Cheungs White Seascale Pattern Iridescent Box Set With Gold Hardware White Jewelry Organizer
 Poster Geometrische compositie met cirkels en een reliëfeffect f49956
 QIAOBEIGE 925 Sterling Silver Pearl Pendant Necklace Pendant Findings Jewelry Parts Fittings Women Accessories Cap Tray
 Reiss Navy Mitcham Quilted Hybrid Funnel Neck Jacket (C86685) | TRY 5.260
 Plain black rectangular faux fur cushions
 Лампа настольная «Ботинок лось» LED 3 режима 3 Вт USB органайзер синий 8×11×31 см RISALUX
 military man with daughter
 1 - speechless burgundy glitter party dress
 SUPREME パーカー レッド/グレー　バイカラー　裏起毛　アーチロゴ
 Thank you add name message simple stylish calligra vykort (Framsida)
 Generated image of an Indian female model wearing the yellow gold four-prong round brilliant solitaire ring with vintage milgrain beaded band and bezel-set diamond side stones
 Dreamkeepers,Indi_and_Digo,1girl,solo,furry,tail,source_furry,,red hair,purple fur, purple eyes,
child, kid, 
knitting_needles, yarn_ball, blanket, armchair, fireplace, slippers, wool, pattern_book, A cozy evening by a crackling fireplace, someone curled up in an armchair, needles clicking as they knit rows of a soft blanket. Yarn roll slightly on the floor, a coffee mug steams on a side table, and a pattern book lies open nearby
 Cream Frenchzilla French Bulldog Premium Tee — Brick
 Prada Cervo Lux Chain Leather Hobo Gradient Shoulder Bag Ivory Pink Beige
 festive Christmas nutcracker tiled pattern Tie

━━━

Task prompt: Exact copies of all the entries above are required.

Response area:
Cheungs White Seascale Pattern Iridescent Box Set With Gold Hardware White Jewelry Organizer
 Poster Geometrische compositie met cirkels en een reliëfeffect f49956
 QIAOBEIGE 925 Sterling Silver Pearl Pendant Necklace Pendant Findings Jewelry Parts Fittings Women Accessories Cap Tray
 Reiss Navy Mitcham Quilted Hybrid Funnel Neck Jacket (C86685) | TRY 5.260
 Plain black rectangular faux fur cushions
 Лампа настольная «Ботинок лось» LED 3 режима 3 Вт USB органайзер синий 8×11×31 см RISALUX
 military man with daughter
 1 - speechless burgundy glitter party dress
 SUPREME パーカー レッド/グレー　バイカラー　裏起毛　アーチロゴ
 Thank you add name message simple stylish calligra vykort (Framsida)
 Generated image of an Indian female model wearing the yellow gold four-prong round brilliant solitaire ring with vintage milgrain beaded band and bezel-set diamond side stones
 Dreamkeepers,Indi_and_Digo,1girl,solo,furry,tail,source_furry,,red hair,purple fur, purple eyes,
child, kid, 
knitting_needles, yarn_ball, blanket, armchair, fireplace, slippers, wool, pattern_book, A cozy evening by a crackling fireplace, someone curled up in an armchair, needles clicking as they knit rows of a soft blanket. Yarn roll slightly on the floor, a coffee mug steams on a side table, and a pattern book lies open nearby
 Cream Frenchzilla French Bulldog Premium Tee — Brick
 Prada Cervo Lux Chain Leather Hobo Gradient Shoulder Bag Ivory Pink Beige
 festive Christmas nutcracker tiled pattern Tie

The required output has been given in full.